2014 Indian film by Suseenthiran

Jeeva is a 2014 Indian Tamil-language sports film written and directed by Suseenthiran, who also produces the film along with cinematographer R. Madhi and art director Rajeevan under the banner of Vennila Kabadi Team. The film stars Vishnu Vishal (as the title character) and Sri Divya, while Soori and Lakshman Narayan play supporting roles. Its music was composed by D. Imman, cinematography was handled by R. Madhi and editing was by Anthony L. Ruben, while dialogue was written by Santhosh. This film is about a young aspiring cricketer who dreams of playing for the India national cricket team. The film was released on 26 September 2014.

==Plot==
The films begins with Jeeva, who sits on a park bench and starts to narrate his life story. He is a lower middle-class boy who is interested in cricket from a young age and sees Sachin Tendulkar as his idol. Though his father initially does not support him, he later starts to do so on the request of his friend. Jeeva grows up and becomes a part of the school team. He excels in his game and turns out to be a star player. Seeing his performances, a local cricket club offers him a chance to join and train with them, for which his father disagrees saying that his academic performance is poor due to cricket and he may not get a job in future. In between, Jeeva falls in love with his neighbour Jenny, but they are broken up when their family discovers this. Jeeva starts to drink due to this heartbreak, so to make him concentrate on good deeds again, Jeeva's father agrees to let him join the cricket club.

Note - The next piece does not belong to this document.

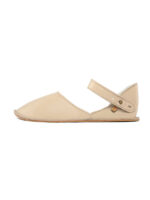 Ballerina flexia cream barefoot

Jeeva becomes a sensation at the club, scoring good runs in every game. His opening partner Ranjith initially has ego clashes with Jeeva, but later they become friends and produce great performances. They both develop and their team starts to enter higher division competitions. In the meantime, Jenny meets Jeeva after a long time, and they start loving again. However, he is pressured into marrying her and pleads for a chance after being selected. Then comes the tournament that selects the players for the Tamil Nadu Ranji Trophy team, and as expected, both Jeeva and Ranjith are selected. However, the real trouble starts after joining the Tamil Nadu Team: it mostly comprises players from a particular community, and since Jeeva and Ranjith are from a different community, they are sidelined for most of the games. They are given chances in tough conditions where it is hard to score more runs, but they still manage to put up a decent performance. Jeeva even once gets applauded by the captain of the Rajasthan team, who is a veteran national team member, but being dropped in the upcoming games affects their average and their subsequent chances of joining the team for future games.

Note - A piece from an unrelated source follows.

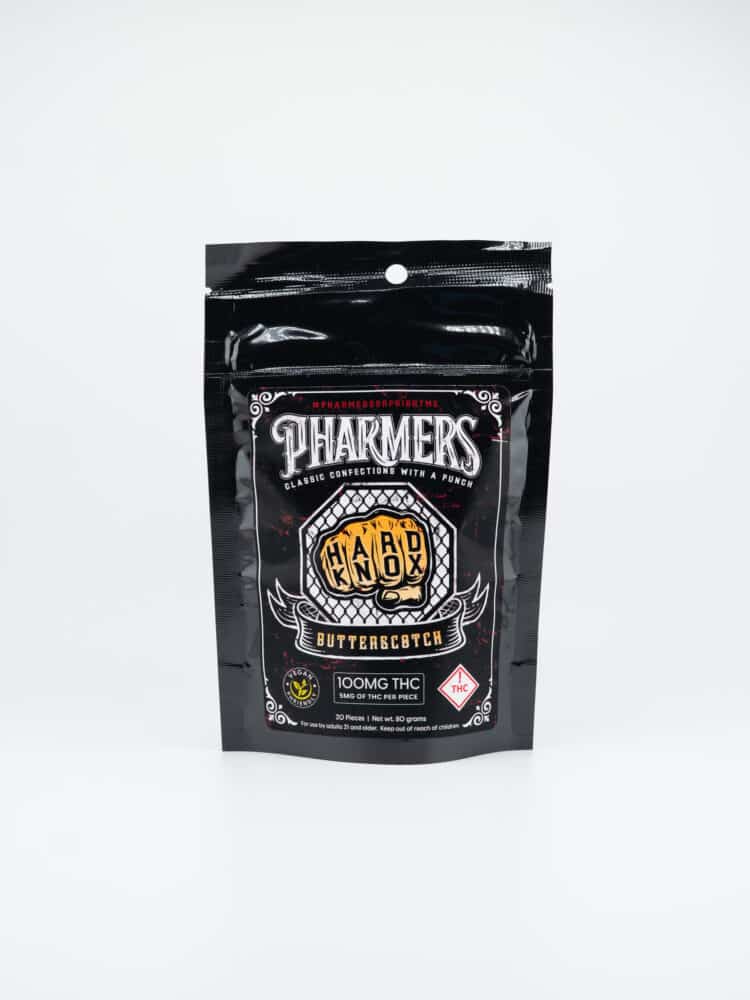 Pharmers Quality Butterscotch (H) 100mg Hard Knox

Angered by being rejected from the team, Ranjith storms into the Association office and blasts at the chairman for showing partiality towards a particular community and leaves with a heavy heart. Both Jeeva and Ranjith feel that their cricketing careers are over. Ranjith commits suicide and Jeeva is heartbroken. Jenny's father agrees for their marriage and promises a job for Jeeva, provided he converts to Christianity and quits cricket. Jeeva initially agrees but immediately tells Jenny that he cannot live without cricket, and Jenny leaves him. Jeeva returns to training and he practices even harder, waiting for a miracle to happen that will revive his cricketing career.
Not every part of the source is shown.